Lange wanted to become an architect but couldn’t attend school here because of the whole “being a woman” thing. She went to Switzerland to get her degree.

When she came back to St. Louis, she was hired by Theodore Link, the guy who designed Union Station. There are no buildings specifically credited to Lange, but shortly after she was hired, Link took a more modern approach to his buildings. The two were close, and it’s evident that Lange’s experiences in Europe played a huge influence on Link’s work.

A tall, modern sculpture created by Heidi Lange.

A few years into her architecture career, she met and married Andre Roosevelt, the cousin of President Teddy Roosevelt. Andre Roosevelt was a filmmaker who enjoyed making exploitative films about Bali in an attempt to cultivate tourism. During this time, she got super into sculpting and took a break from architecture.

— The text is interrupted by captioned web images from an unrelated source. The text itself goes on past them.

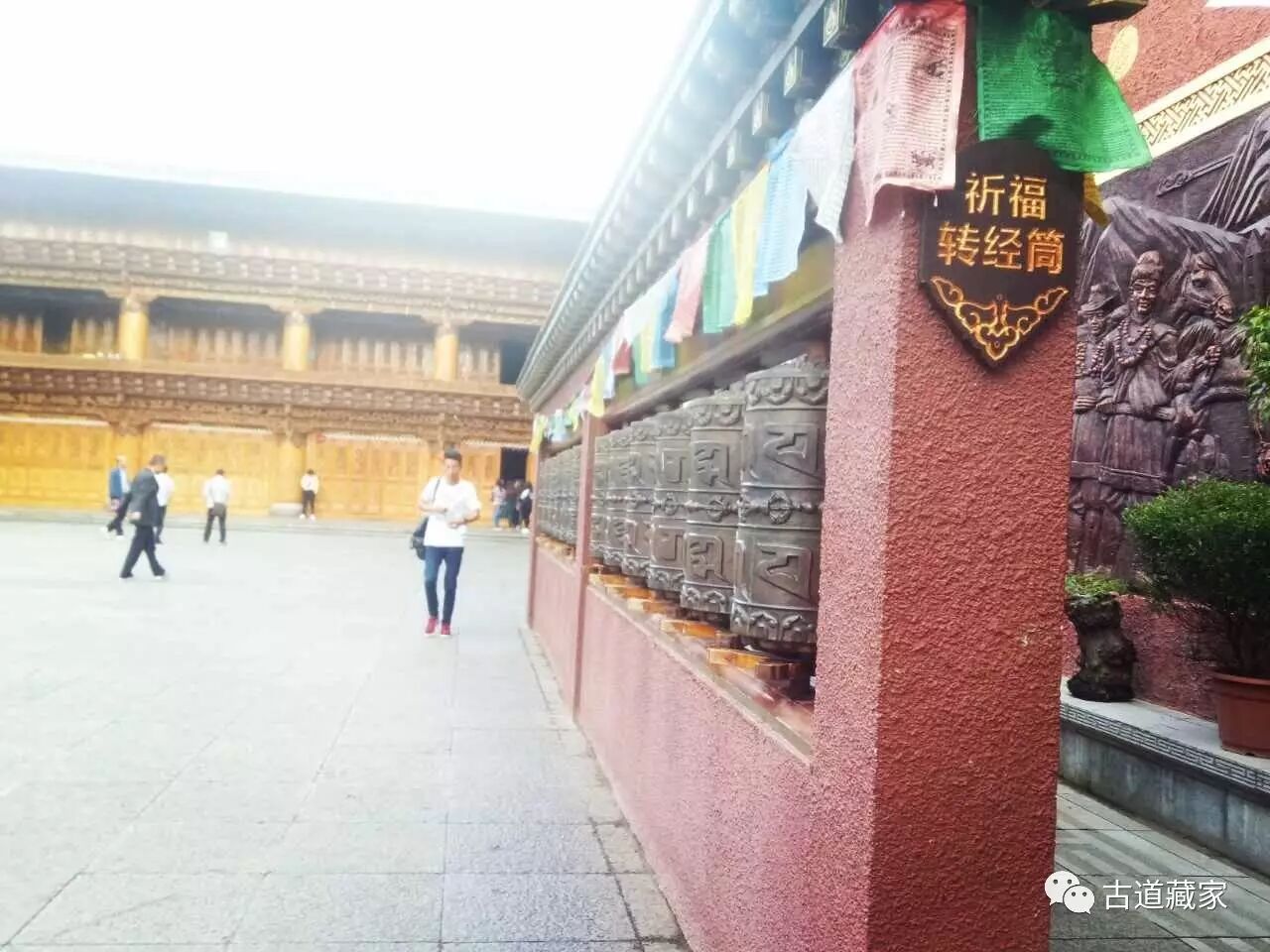 慷慨生活说说_生活的慷慨_如果生活不够慷慨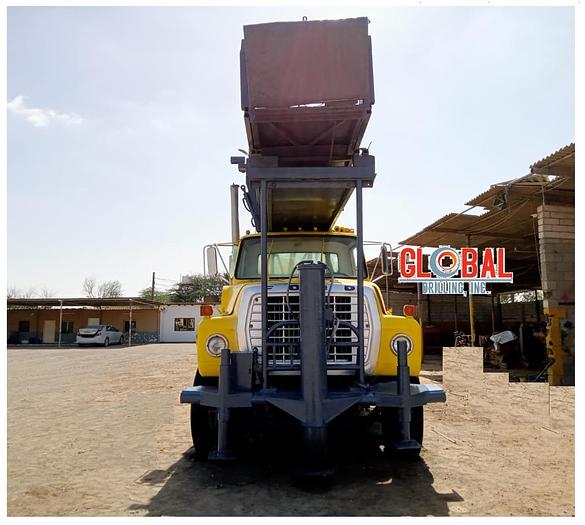 Used Item 0760 : 1976 Speedstar / Ford Water Well Drill Truck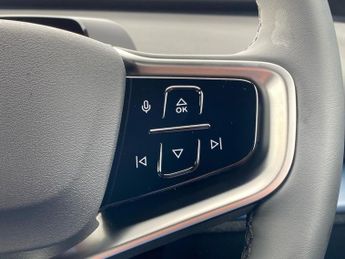 VOLVO EX30 200Kw Sm Extended Range Plus 69Kwh 5Dr Auto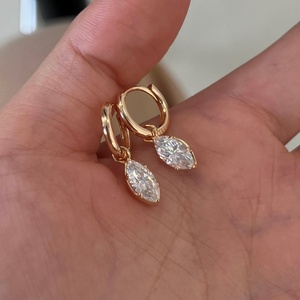 Pendientes de Aro Colgantes Dylam de Rodio Chapado en Oro de 18K con Plata de Ley 925 y Piedra de Moissanita en Forma de Marquesa de 5*10mm D VVS1 - Product Image 4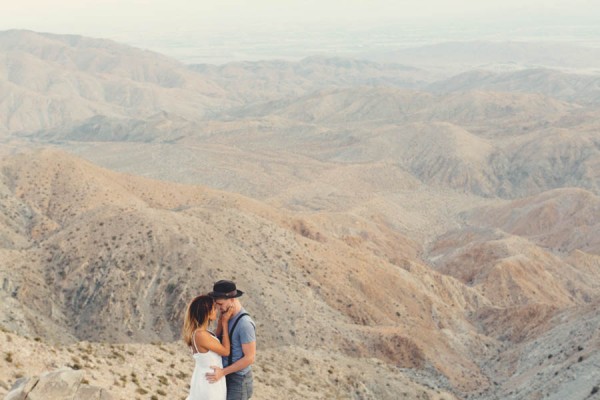 Breezy-Joshua-Tree-Engagement-Photos-at-Sunset-Anne-Claire-Brun-26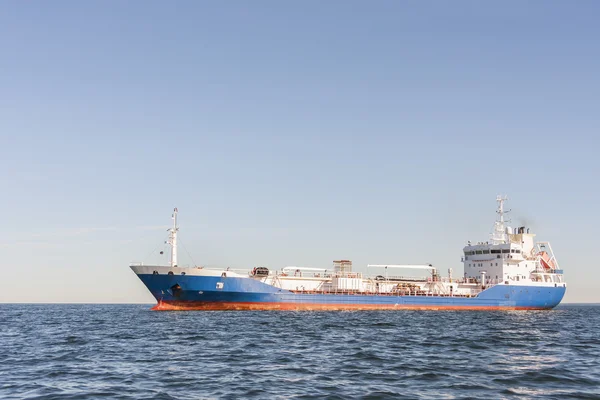 Химический или газовый танкер в море — стоковое фото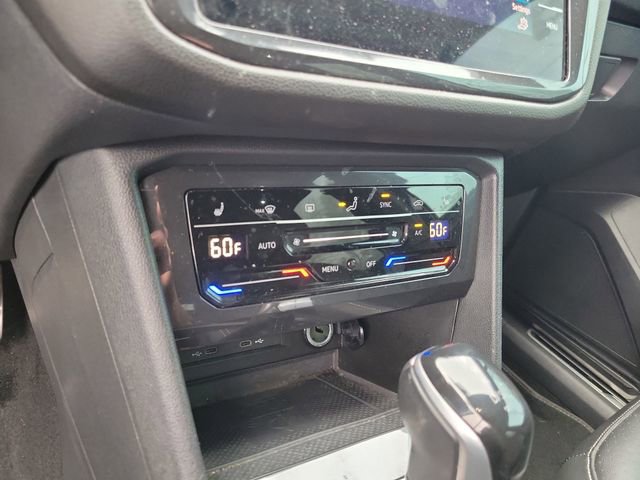 Used 2023 Volkswagen Tiguan SE R-Line image 22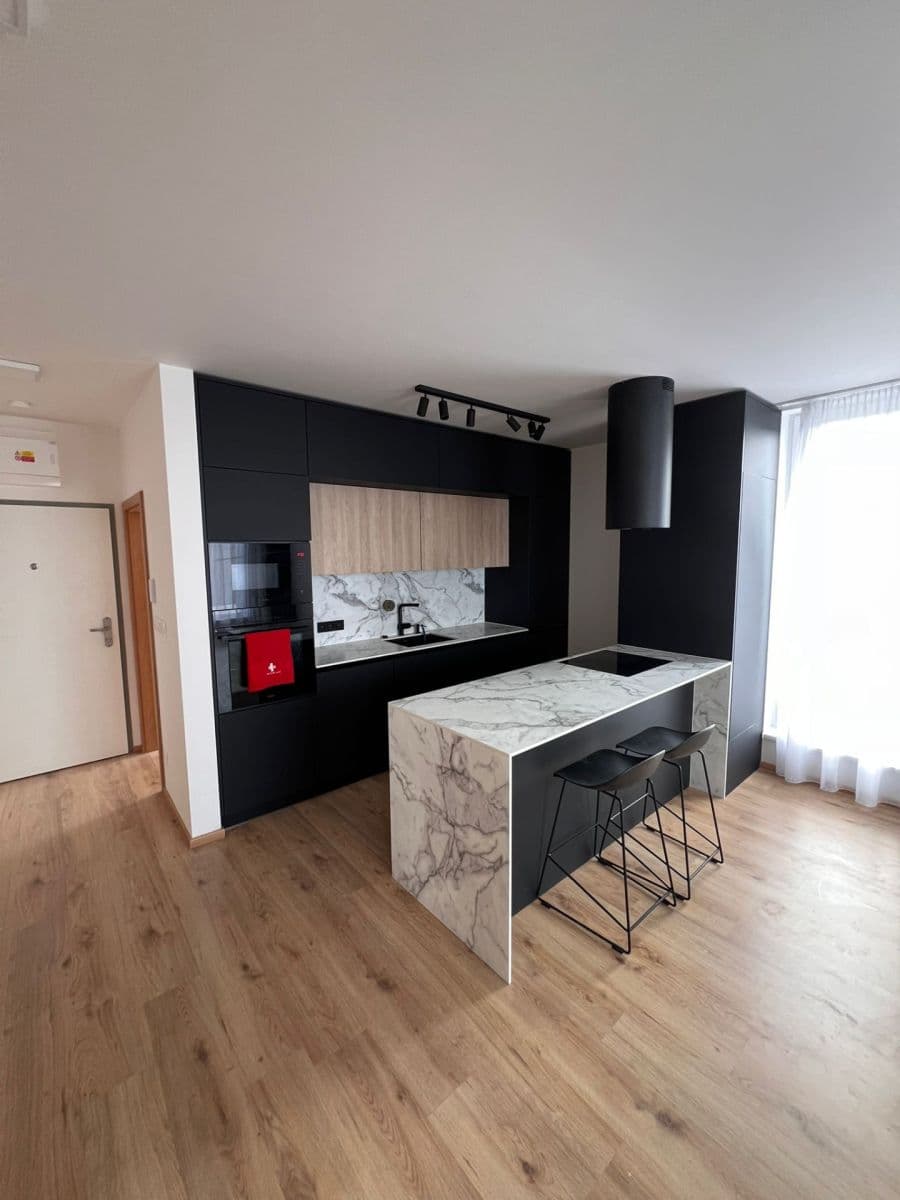 Pronájem bytu 3+kk 64 m², Velvarská, Horoměřice, Středočeský kraj Pronájem bytu 3+kk 64 m², Velvarská, Horoměřice, Středočeský kraj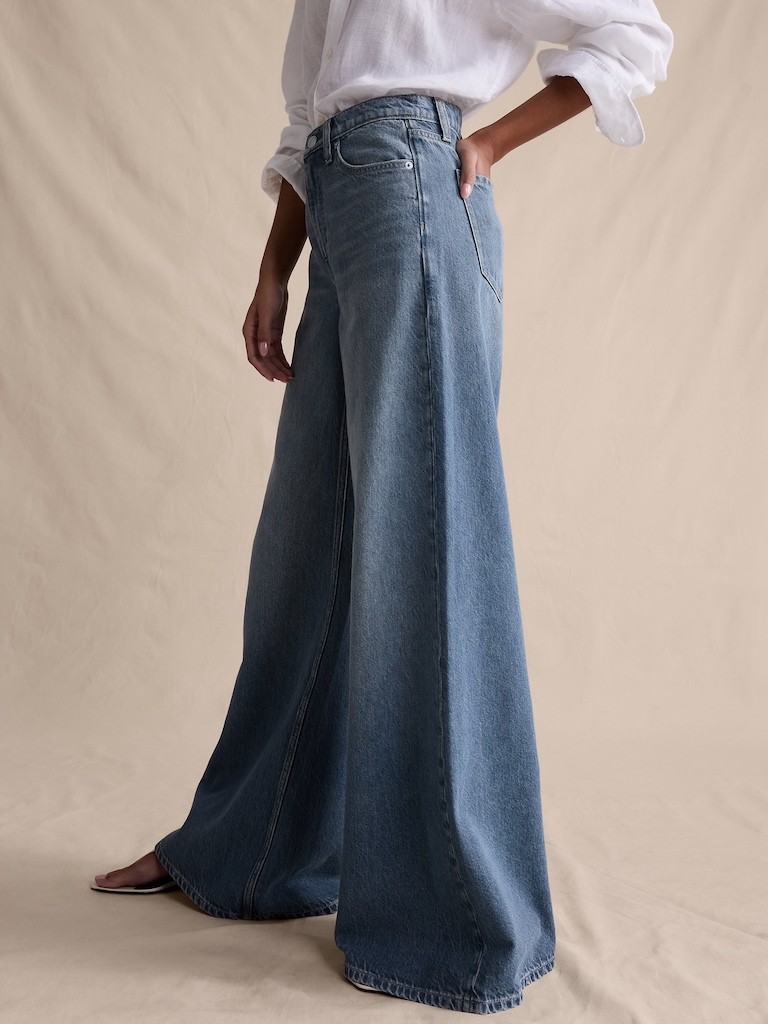High-Rise Wide-Leg Lightweight Palazzo Jean
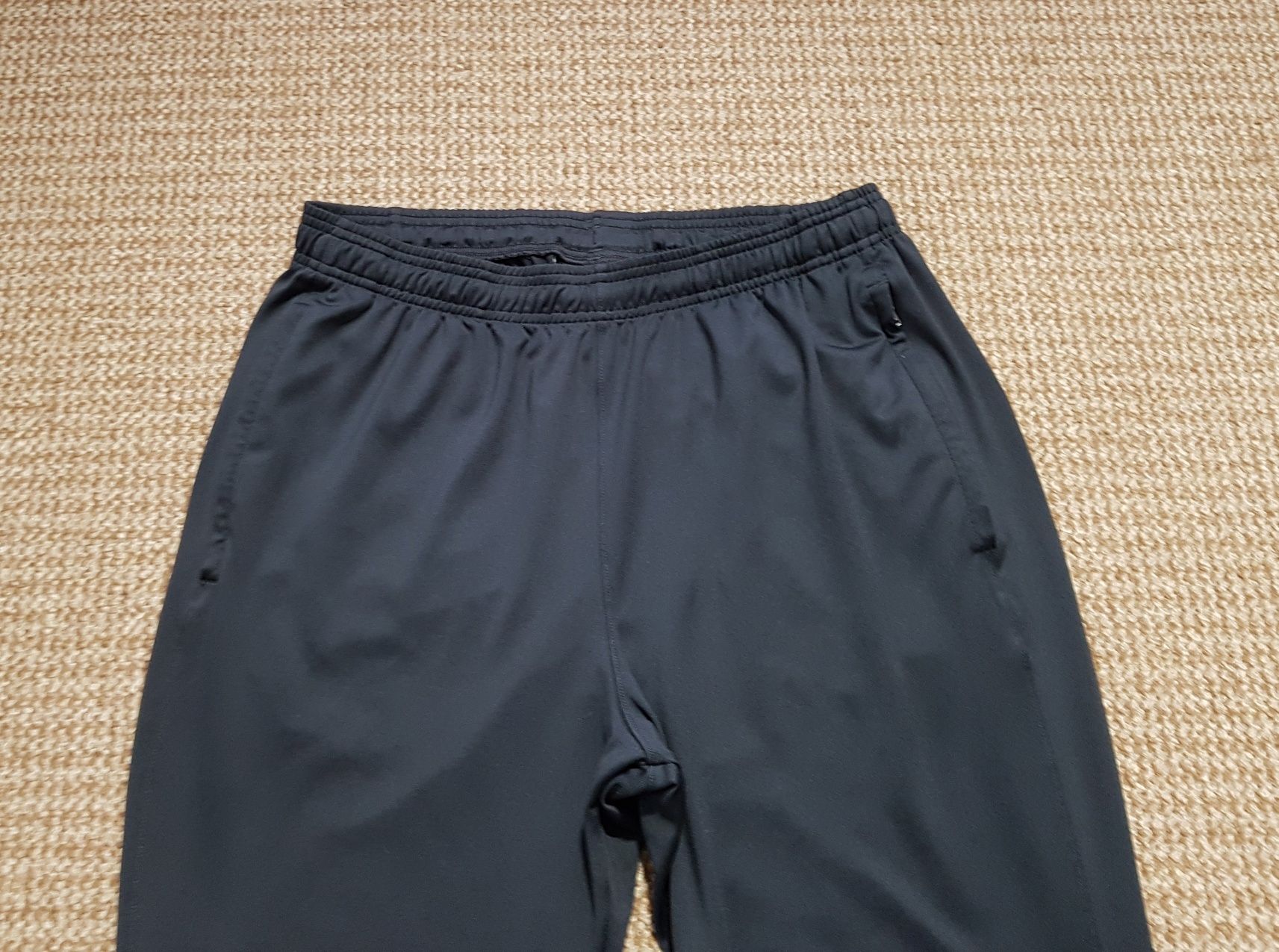 Under Armour L спортивні штани fitted оригінал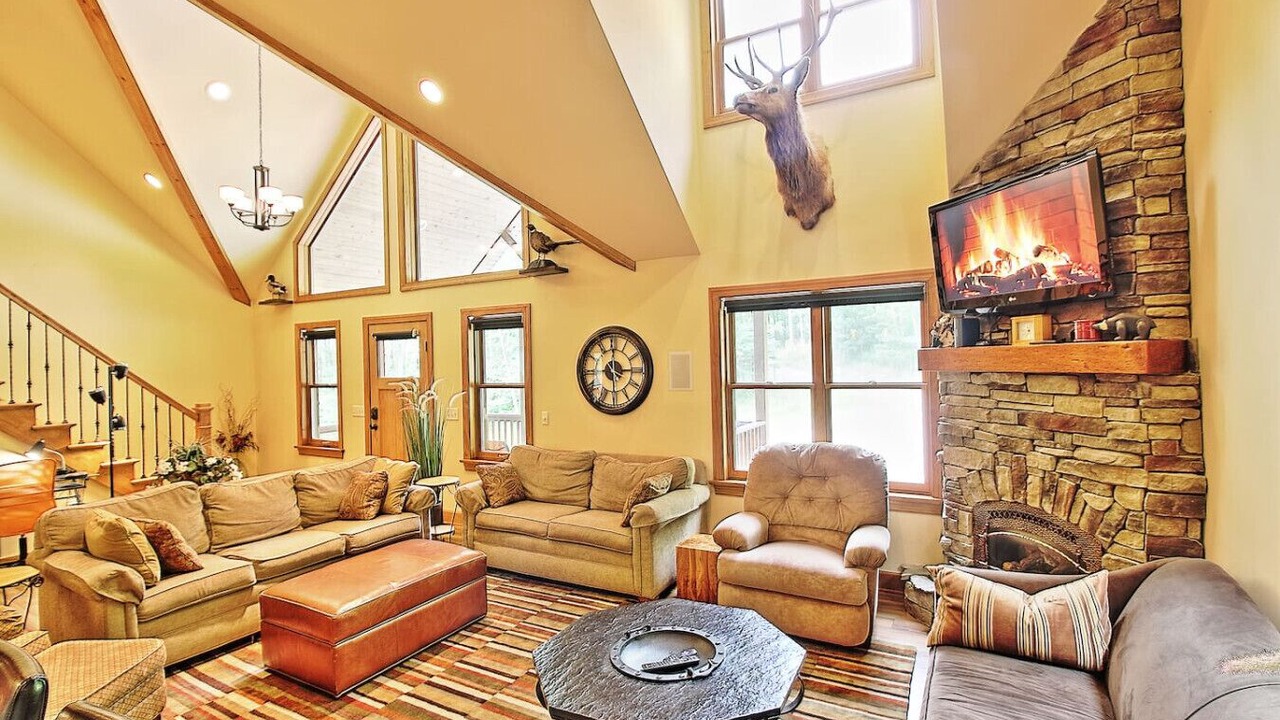 Photo of Livingroom in Ellicottville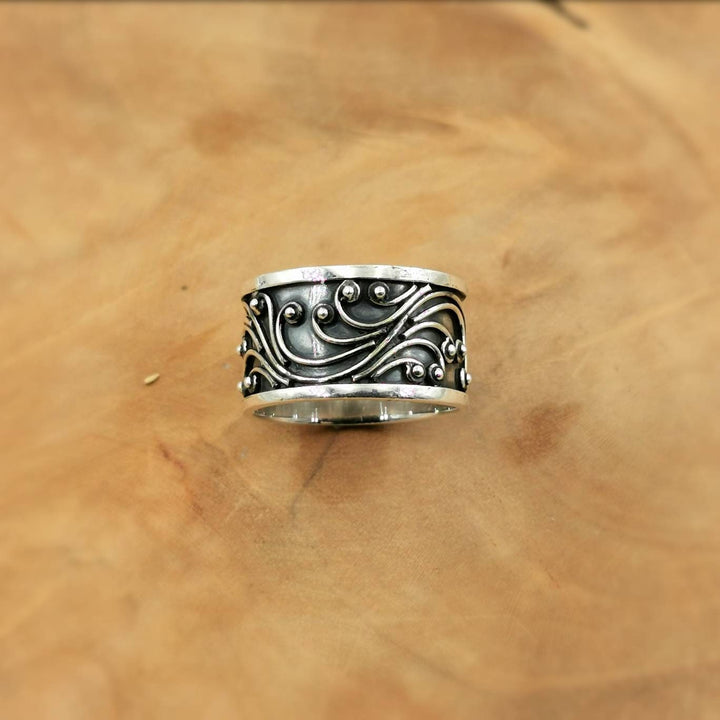Oxidized 925 Silver Band Ring, Boho Vine Pattern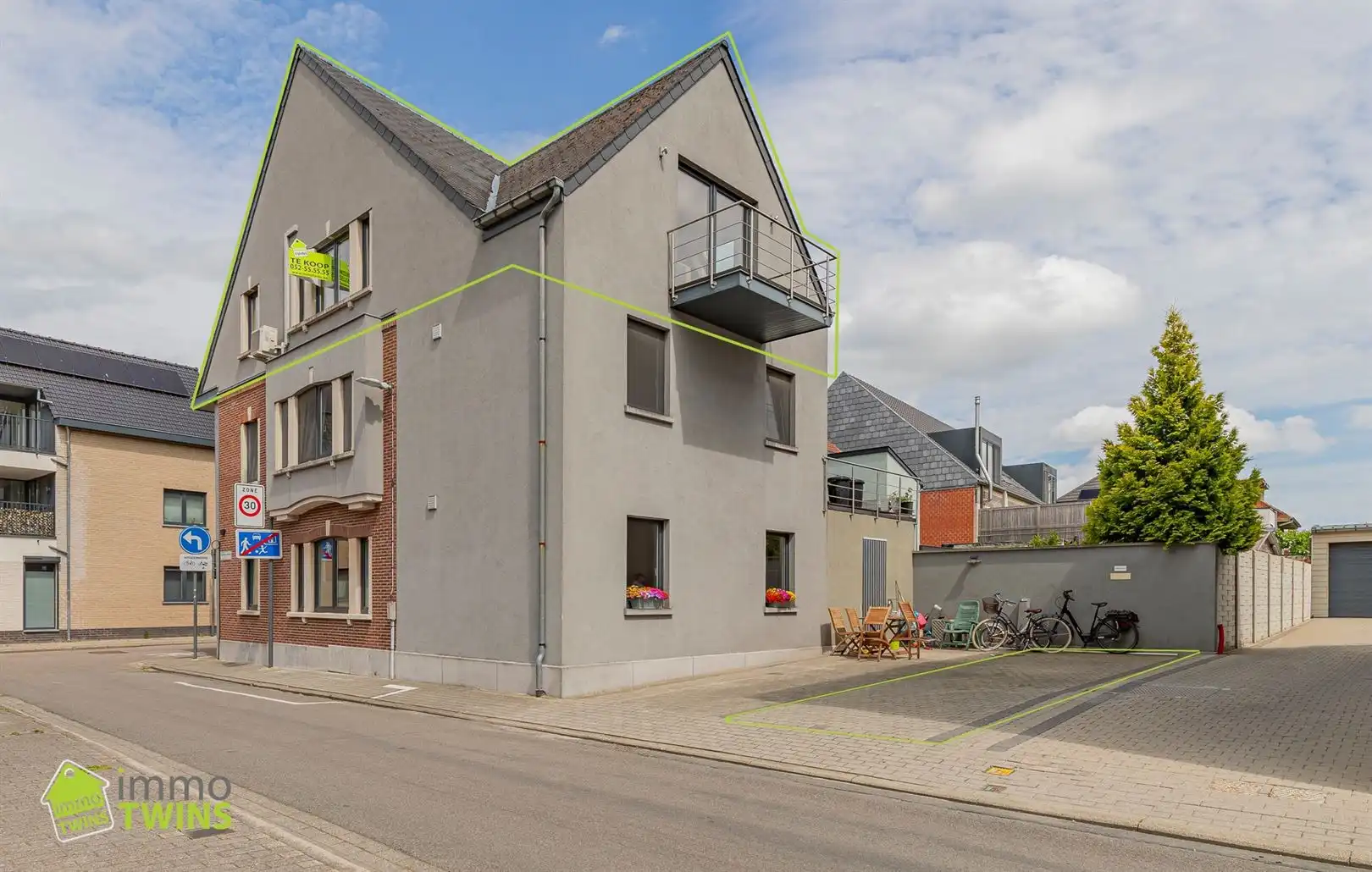 Ruim duplexappartement van 151 m² met 3 slaapkamers, terras en dubbele autostaanplaats foto {{pictureIndex}}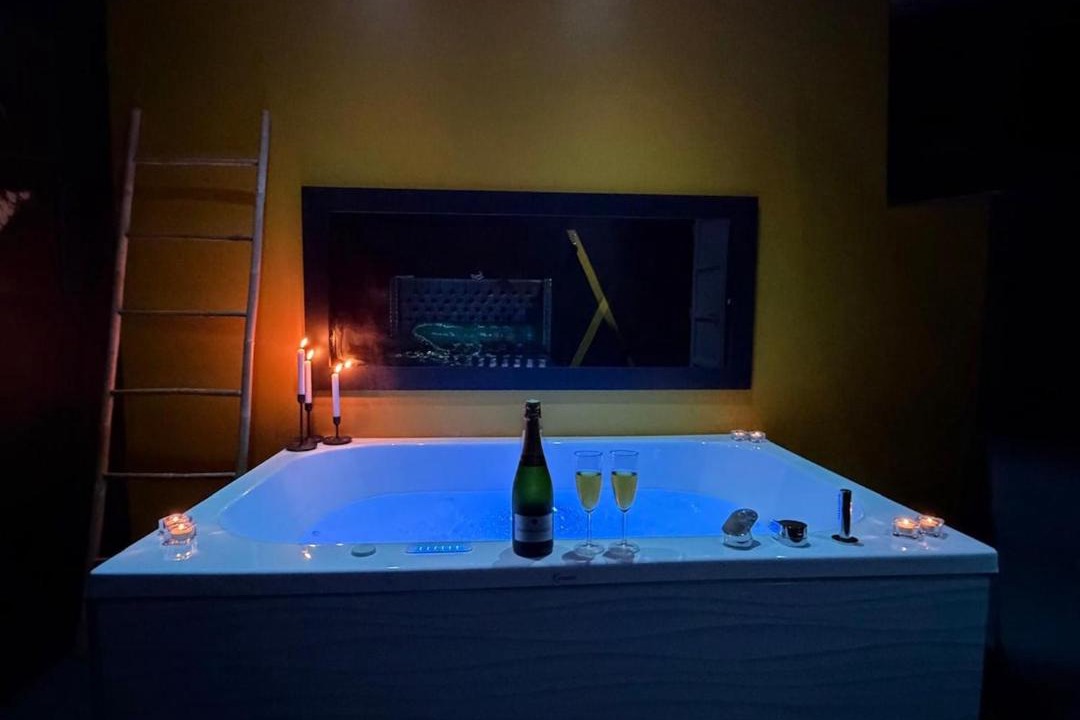 Photo of Bathroom in Carbonne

The couple ultimately separated, and Lange spent her later years living a quiet life in Connecticut.

Just figured it was worth noting that the first woman architect of St. Louis was born here.

Black and white photograph of the Metallurgy Building at the 1904 World's Fair in St. Louis.
The Metallurgy Building at the 1904 World’s Fair in St. Louis. While the design is credited to Theodore Link, it is known to be heavily influenced by the style of Heidi Lange.
The birth home of Heidi Lange at 2722 Meramec Street in St. Louis, Dutchtown neighborhood. The Italinate mansion is brick, two stories, and well-maintained although some paint is peeling and windows are boarded up.
The 1866 home at 2722 Meramec Street where Heidi Lange was born. Although currently vacant and boarded, the building is still in excellent shape.